COLLECTED DATA
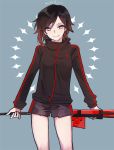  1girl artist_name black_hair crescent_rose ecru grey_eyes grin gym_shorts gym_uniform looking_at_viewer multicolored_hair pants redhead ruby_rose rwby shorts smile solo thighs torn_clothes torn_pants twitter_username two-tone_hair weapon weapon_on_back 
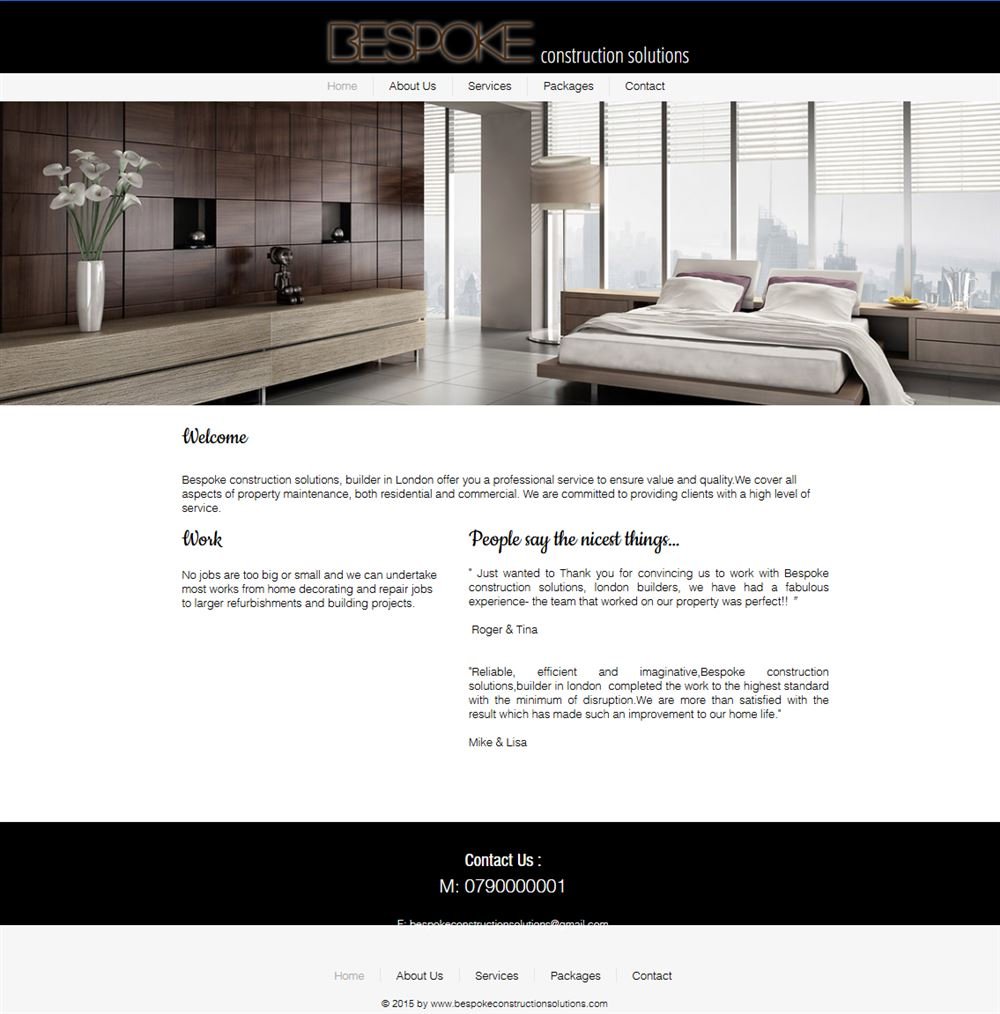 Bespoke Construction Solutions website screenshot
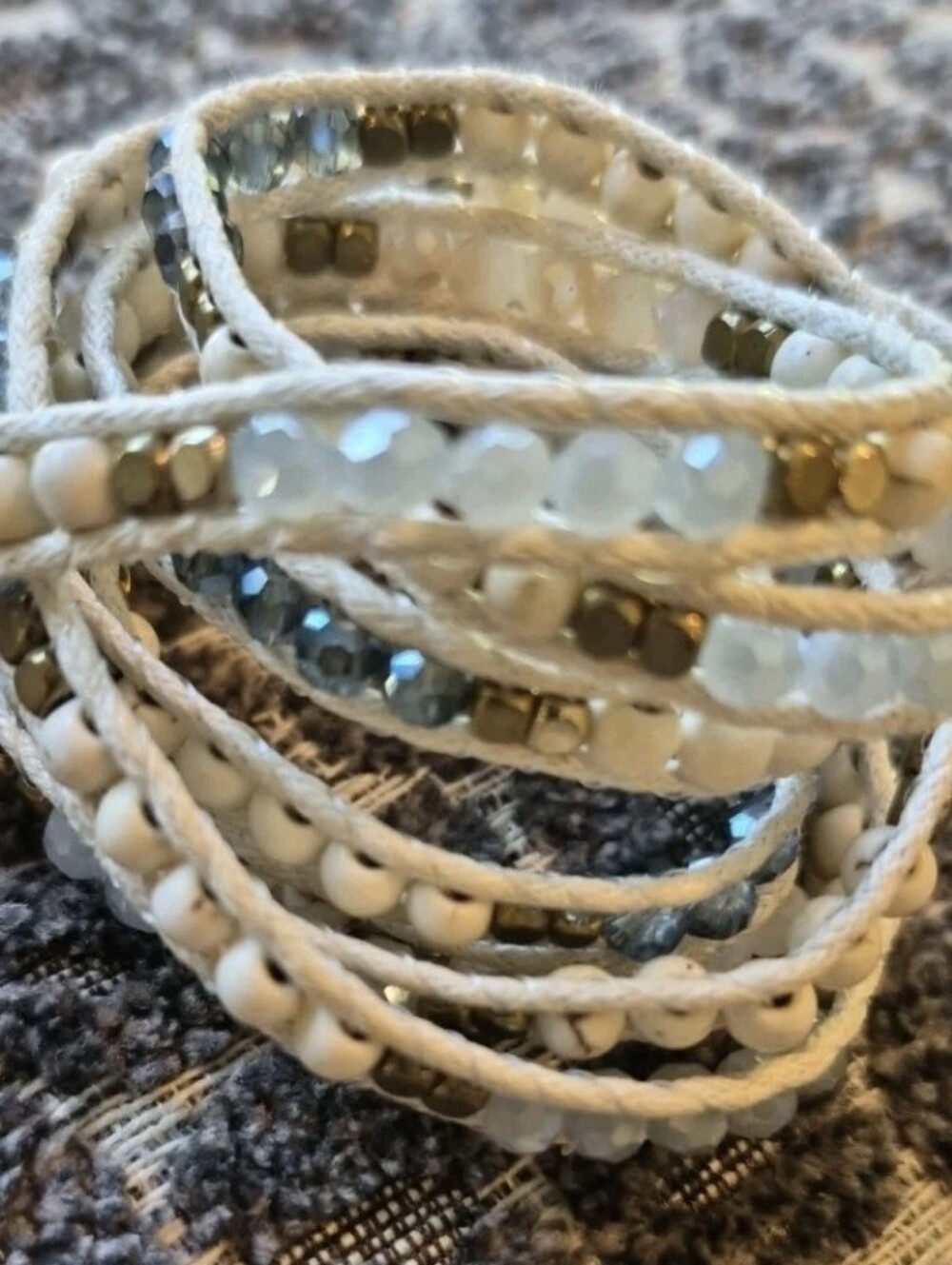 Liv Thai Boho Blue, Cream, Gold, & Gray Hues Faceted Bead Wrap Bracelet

WHAT YOU HAVE TO DO
Without altering anything, output all the lines above but none of the images.

ANSWER TO THE EXERCISE
  1girl artist_name black_hair crescent_rose ecru grey_eyes grin gym_shorts gym_uniform looking_at_viewer multicolored_hair pants redhead ruby_rose rwby shorts smile solo thighs torn_clothes torn_pants twitter_username two-tone_hair weapon weapon_on_back 
 Bespoke Construction Solutions website screenshot
 Liv Thai Boho Blue, Cream, Gold, & Gray Hues Faceted Bead Wrap Bracelet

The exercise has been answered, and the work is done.